SOURCE: Signature Devices, Inc.

Signature Devices, Inc.

November 11, 2010 10:42 ET

Signature Devices, Inc. Update Regarding Graffiti Entertainment Spin-Out Transaction

REDWOOD CITY, CA--(Marketwire - November 11, 2010) - Signature Devices, Inc. (PINKSHEETS: SDVI) ("SDVI") would like to announce the following updates regarding the previously announced spin-out of Graffiti Entertainment, Inc. ("Graffiti") pursuant to the plan to list Graffiti Entertainment on the Frankfurt Exchange (the "Exchange").

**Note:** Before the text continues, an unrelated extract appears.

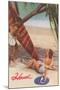 Hawaii, Tourists with Surfboard-null-Mounted Art Print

Graffiti's previously announced spinout and stock dividend to shareholders of SDVI. The record date of the dividend for the shares was on October 15th, with an Ex-dividend date of October 18th. Graffiti is currently working with the DTC and the transfer agent to issue the Graffiti shares to the brokers for deposit into SDVI shareholders accounts electronically. As part of the process the reconciliation of the SDVI share count on deposit at the DTC and the share count at the transfer agent had a discrepancy of 10,350,000 shares to many. 350,000 shares of that amount has been reconciled, but there was an additional 10,000,000 shares accidently issued by the transfer agent in 2008. To try and resolve the issue the CEO has offered to forego 10,000,000 share dividend until the issue can be straightened out. Graffiti has been working with and is currently waiting on the DTC to issue the brokers list of shares and distribution instructions. Once that list is issued, Graffiti issues the shares to the brokers who then deposit the shares into the shareholders account.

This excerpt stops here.